Burlington House Home of the Royal Academy of Arts
Royal Academy of Arts
Territory: World excluding USA & Canada
Size: 300 mm x 245 mm
Illustrations: 280 colour
- An expert insight into the architectural history of Burlington House, home of the Royal Academy of Arts in London since 1868
- Published to coincide with the redevelopment of the Burlington Estate by the internationally acclaimed architect Sir David Chipperfield
On Charles II's restoration to the throne in 1660, four of his supporters were provided with plots of land in a leafy suburb of London, on which to build their extravagant town palaces. The only one to survive - built for the poet and courtier Sir John Denham and now situated in the heart of Piccadilly - was to become the home of the Royal Academy of Arts, its exhibitions and its Schools.
This important study charts the history of the estate through its various owners, including the 3rd Earl of Burlington, who gave the house not only its name but also its distinctive and influential architecture.
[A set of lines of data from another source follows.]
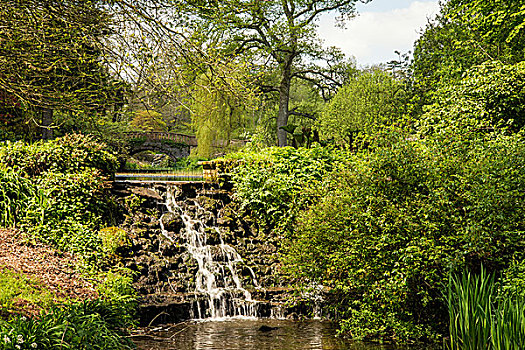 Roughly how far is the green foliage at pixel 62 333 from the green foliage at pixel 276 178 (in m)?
5.40

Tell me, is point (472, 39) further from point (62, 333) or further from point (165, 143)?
point (165, 143)

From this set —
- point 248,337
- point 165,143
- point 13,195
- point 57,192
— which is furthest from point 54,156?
point 165,143

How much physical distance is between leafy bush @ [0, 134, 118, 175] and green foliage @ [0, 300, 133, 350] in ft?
17.0

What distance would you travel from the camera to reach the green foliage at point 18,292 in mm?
5831

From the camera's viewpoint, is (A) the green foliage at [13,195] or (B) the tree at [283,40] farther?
(B) the tree at [283,40]

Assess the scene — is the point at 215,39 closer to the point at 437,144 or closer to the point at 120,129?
the point at 437,144

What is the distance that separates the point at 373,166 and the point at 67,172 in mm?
6751

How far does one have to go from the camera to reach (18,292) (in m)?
6.28

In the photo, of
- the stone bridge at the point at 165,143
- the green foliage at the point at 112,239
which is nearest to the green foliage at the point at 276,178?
the green foliage at the point at 112,239

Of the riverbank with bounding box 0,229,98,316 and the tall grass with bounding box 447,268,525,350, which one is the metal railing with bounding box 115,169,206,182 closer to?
the riverbank with bounding box 0,229,98,316

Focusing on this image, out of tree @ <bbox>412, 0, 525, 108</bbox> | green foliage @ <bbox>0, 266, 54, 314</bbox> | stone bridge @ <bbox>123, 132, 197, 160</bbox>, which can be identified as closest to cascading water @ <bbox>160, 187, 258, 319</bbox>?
green foliage @ <bbox>0, 266, 54, 314</bbox>

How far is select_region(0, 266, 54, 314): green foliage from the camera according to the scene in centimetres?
583

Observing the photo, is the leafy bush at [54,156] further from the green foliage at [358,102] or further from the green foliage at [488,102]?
the green foliage at [358,102]

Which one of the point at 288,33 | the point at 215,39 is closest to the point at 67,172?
the point at 215,39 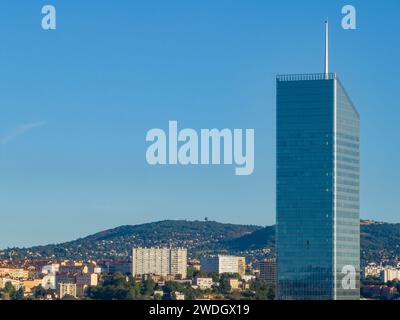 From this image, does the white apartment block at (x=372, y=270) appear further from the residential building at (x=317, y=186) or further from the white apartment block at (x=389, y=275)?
the residential building at (x=317, y=186)

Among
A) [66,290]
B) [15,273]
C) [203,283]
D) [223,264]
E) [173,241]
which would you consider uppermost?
[173,241]

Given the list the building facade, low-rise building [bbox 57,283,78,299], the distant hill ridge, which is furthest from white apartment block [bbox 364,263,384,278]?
low-rise building [bbox 57,283,78,299]

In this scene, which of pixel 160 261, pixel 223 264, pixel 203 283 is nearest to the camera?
pixel 203 283

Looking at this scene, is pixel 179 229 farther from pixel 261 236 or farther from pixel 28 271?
pixel 28 271

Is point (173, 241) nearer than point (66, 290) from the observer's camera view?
No

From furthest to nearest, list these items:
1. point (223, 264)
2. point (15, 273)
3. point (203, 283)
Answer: point (223, 264), point (15, 273), point (203, 283)

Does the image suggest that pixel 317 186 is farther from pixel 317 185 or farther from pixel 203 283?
pixel 203 283

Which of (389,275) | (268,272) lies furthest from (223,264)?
(389,275) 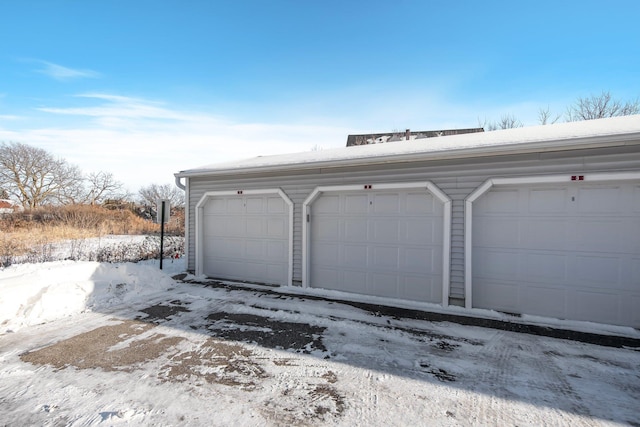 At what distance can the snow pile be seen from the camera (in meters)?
4.35

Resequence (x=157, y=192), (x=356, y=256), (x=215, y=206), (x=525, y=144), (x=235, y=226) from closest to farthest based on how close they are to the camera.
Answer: (x=525, y=144), (x=356, y=256), (x=235, y=226), (x=215, y=206), (x=157, y=192)

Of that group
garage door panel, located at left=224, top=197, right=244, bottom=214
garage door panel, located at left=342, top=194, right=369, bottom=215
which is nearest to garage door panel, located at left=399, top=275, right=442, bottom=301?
garage door panel, located at left=342, top=194, right=369, bottom=215

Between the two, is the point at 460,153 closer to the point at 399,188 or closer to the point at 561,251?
the point at 399,188

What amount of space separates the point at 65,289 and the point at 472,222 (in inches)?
262

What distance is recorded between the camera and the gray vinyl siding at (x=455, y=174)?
4160mm

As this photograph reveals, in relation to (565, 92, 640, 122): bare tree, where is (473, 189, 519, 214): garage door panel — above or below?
below

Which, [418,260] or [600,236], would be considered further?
[418,260]

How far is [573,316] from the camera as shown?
14.4 feet

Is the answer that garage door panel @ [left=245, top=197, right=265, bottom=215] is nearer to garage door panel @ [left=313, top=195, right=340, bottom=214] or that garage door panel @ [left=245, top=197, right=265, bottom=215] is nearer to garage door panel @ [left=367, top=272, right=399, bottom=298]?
garage door panel @ [left=313, top=195, right=340, bottom=214]

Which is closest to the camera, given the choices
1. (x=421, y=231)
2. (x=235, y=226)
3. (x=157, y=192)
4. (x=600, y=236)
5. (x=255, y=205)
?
(x=600, y=236)

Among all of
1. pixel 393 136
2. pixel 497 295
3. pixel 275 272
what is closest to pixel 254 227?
pixel 275 272

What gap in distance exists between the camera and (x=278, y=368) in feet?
10.1

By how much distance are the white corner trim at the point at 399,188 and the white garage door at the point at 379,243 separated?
0.09 metres

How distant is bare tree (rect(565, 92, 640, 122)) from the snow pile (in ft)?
68.4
In his day, the house was host to leading scholars and celebrities, who met within Burlington's cutting-edge creation, which remains an unparalleled examplar of the Palladian style in England.
Former Director of Collections at the RA, Nicholas Savage examines 350 years of social and architectural history, as well as revealing the next phase in the life of the estate, as the Royal Academy opens up Burlington House as never before in an exciting redevelopment led by Sir David Chipperfield CBE RA to celebrate the institution's 250th anniversary.